Incuráveis, de Gustavo
Acioli (Brasil, 2005)
por Eduardo Valente
Estréia
corajosa
Existem dois lados a se considerar na escolha
do projeto de longa-metragem que marca a estréia no formato do
cineasta Gustavo Acioli. Por um lado, a precisão da escolha de
um filme que se passa quase todo no interior de um quarto e que
tem apenas dois personagens em cena – uma vez que Acioli foi premiado
num dos mais baixos e restritivos prêmios de baixo orçamento que
a Secretaria do Audiovisual organizou, esta escolha parece extremamente
sensata, e permitiu que o cineasta terminasse o projeto (não sem
sacrifícios é claro). Por outro lado, se simplifica aspectos de
produção, a opção dramatúrgica do filme (cuja matriz teatral marca
presença) implicou numa série considerável de desafios para o
diretor em aspectos relacionados à mise-en-scène e trabalho
com os atores: filmar apenas duas pessoas no interior de um quarto
durante hora e vinte de filme não é tarefa simples. Pois deste
desafio, Acioli também sai vencedor – ainda que sem nocaute.

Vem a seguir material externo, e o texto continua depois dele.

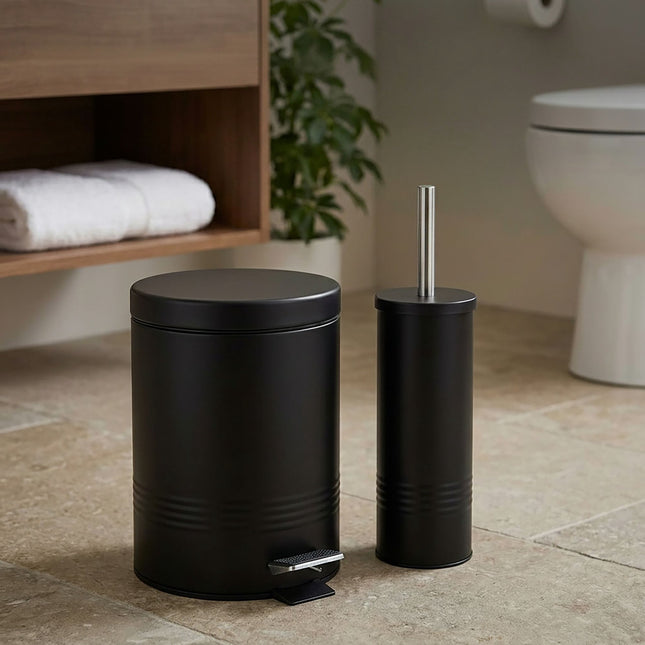 Black Bathroom Set with Pedal Bin & Toilet Brush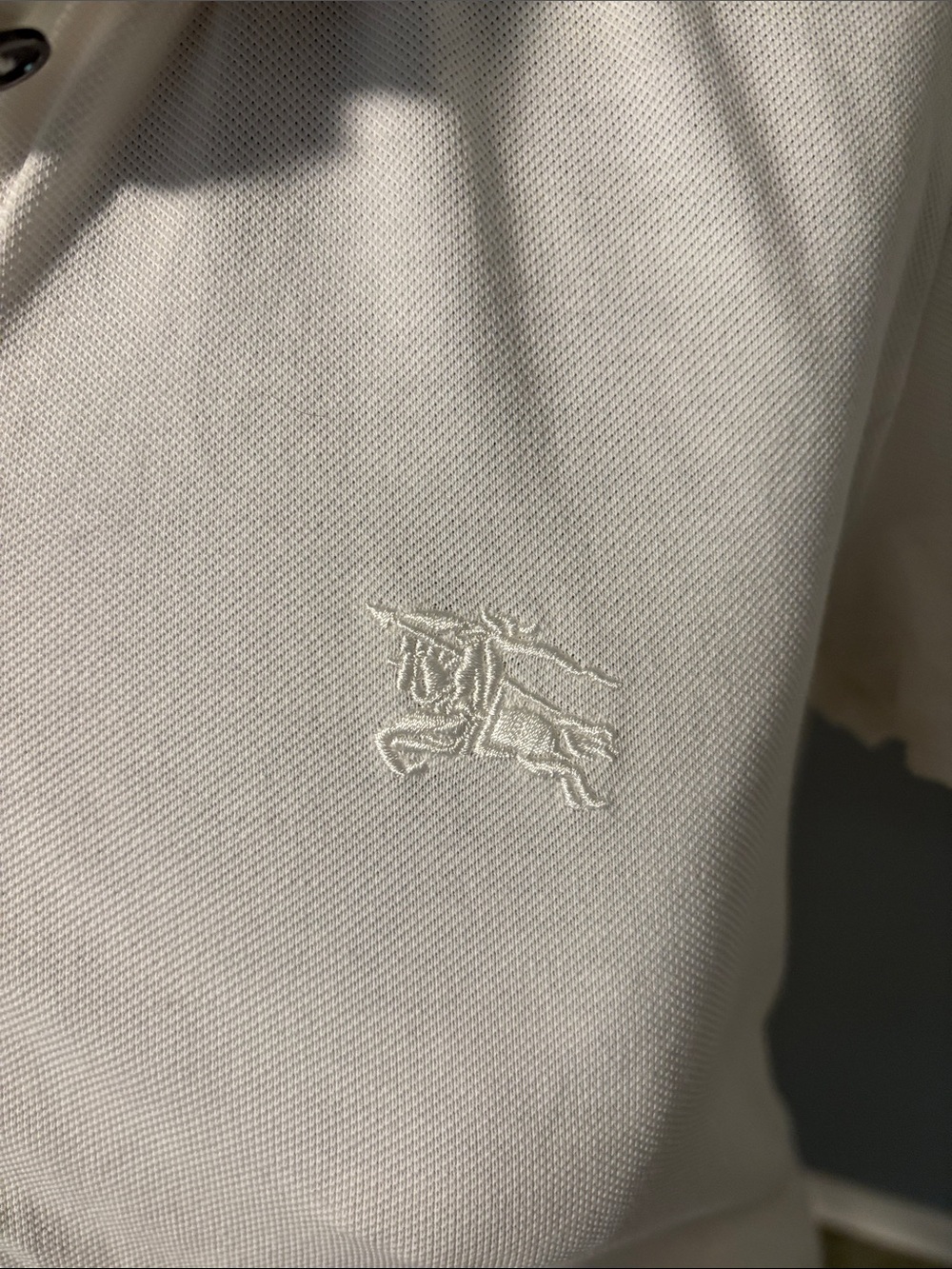 Burberry Brit Novacheck Trim White Polo Shirt - Picture 3 of 10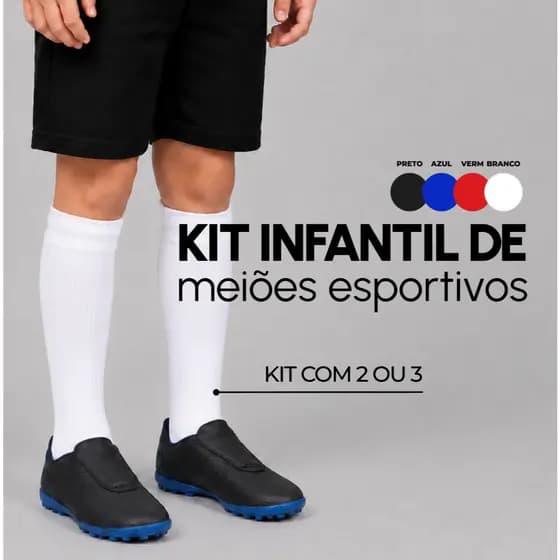 Kit Com 2 Ou 3 Meião De Futebol Esportivo Infantil e Juvenil Longo 24 ao 36 Esporte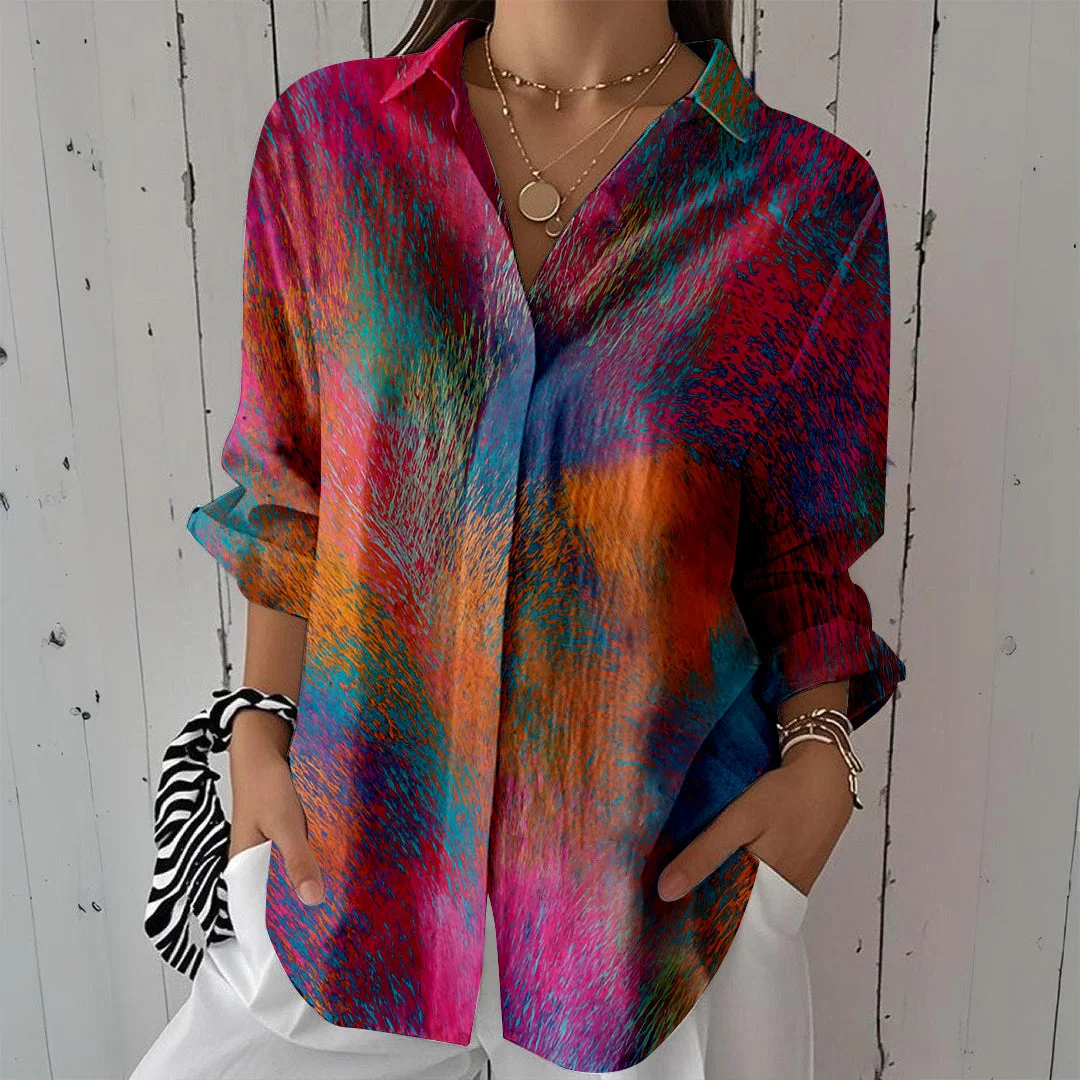 Style & Comfort for Mature Women Women Pink,  Tie-dyed DZCL0044 3/4 Sleeve Shirt Collar Printed Button Tops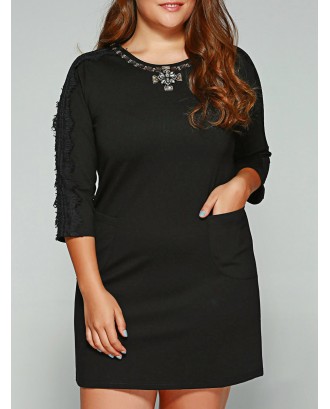 Plus Size Lace Trim Rhinestone Embellished Dress - Black 2xl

Desde o elaborado primeiro plano do filme, Acioli
e o fotógrafo Lula Carvalho demonstram que não vão optar pela
saída mais fácil, seja pela filmagem em digital, seja por um estilo
mais direto e pouco cuidadoso com o enquadramento. Trata-se de
uma qualidade do filme, mas também de um risco, porque o rebuscamento
de movimentos, enquadramentos e trabalho com a luz pode se tornar
facilmente auto-centrado e distrativo. No entanto, ambos parecem
bastante conscientes deste perigo, e de maneira geral a câmera
trabalha essencialmente a favor do filme e dos atores. Há uma
densidade muito desejável nos escuros que o filme constrói, assim
como em seus jogos cromáticos, sem que isso se torne um tema.

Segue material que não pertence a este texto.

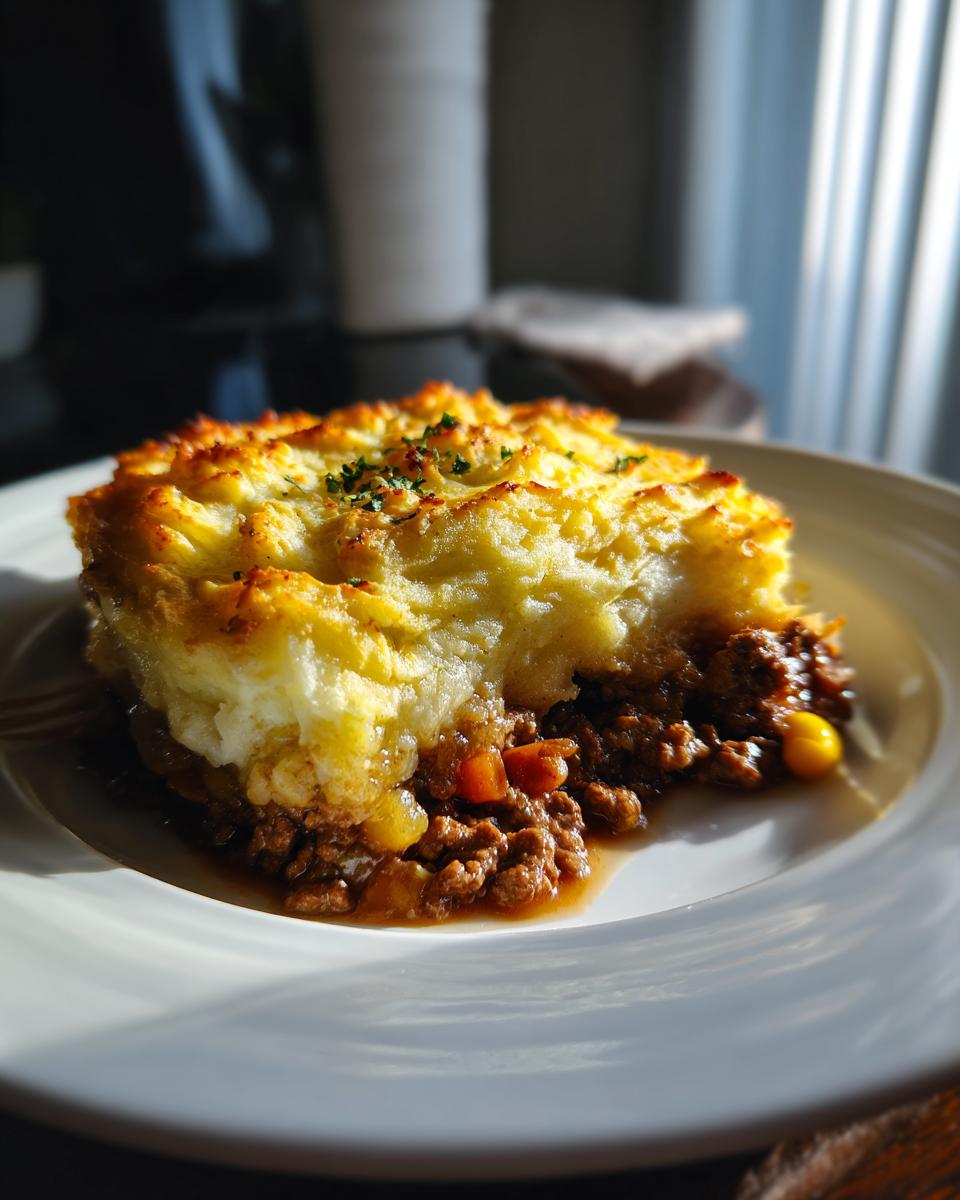 A close-up of a serving of Shepherds Pie With Ground Beef, showing the browned potato topping and rich meat filling.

O mesmo pode ser dito sobre a direção de arte que, sem ser absolutamente
naturalista, também não se perde em meio aos “badulaques”.
Com
estes dois aliados, cabe a Acioli jogar boa parte da força do
filme nos ombros largos de Fernando Eiras e Dira Paes, felizes
escolhas para seus personagens – ele, pela capacidade de transmitir
sem esforço muita inteligência, ironia, e um certo desespero;
ela, pela capacidade de parecer comum e sensual ao mesmo tempo,
como pede o personagem, e de transitar da ternura ao desprezo
com igual intimidade. São todos atributos mais do que necessários
para o jogo de poder e representação que tem lugar no filme entre
os dois personagens.
Mas é quando chegamos nesta palavrinha essencial
(personagens) que o filme de Acioli encontra seu calcanhar de
Aquiles. Depois de um começo altamente engajante (tanto o diálogo
no bar, quanto os primeiros momentos no quarto, até a primeira
trepada), o filme dá uma certa escorregada na sua teatralidade,
e os personagens deixam bem claro suas presenças mais como “arquétipos”

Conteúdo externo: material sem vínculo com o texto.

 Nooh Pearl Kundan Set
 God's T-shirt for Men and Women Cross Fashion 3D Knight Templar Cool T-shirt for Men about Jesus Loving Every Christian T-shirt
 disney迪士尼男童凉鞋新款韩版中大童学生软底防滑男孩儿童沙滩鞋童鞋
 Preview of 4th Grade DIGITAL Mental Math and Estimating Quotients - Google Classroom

(masculino/feminino) do que como pessoas em cena. A princípio
isso não seria um problema por si, mas sim como o filme vai trabalhando
seu andamento, porque em diferentes momentos mais à frente ele
parece querer que nos engajemos no destino destes dois indivíduos,
mas a estas alturas já nos encontramos bastante distanciados deles
– mais preocupados com os conceitos filosóficos e de gênero que
estão em jogo do que com aquelas duas pessoas especificamente.
Disso resulta uma certa alternância de registros
(que vai das falas escritas ao tom dos atores) que cria alguns
obstáculos entre o espectador e o que está na tela. E com isso,
o filme fica mais por conta de momentos de força (de novo: de
atores, dos diálogos, da câmera), do que da consistência do seu
todo. Não que, voltando ao começo, fosse fácil dar conta de solucionar
este todo tão peculiar num primeiro filme – e, neste sentido,
estas partes mais agradam do que o todo decepciona. E fica a curiosidade
de ver o que Acioli, sempre um diretor de atores e de roteiros,
pode nos mostrar a seguir.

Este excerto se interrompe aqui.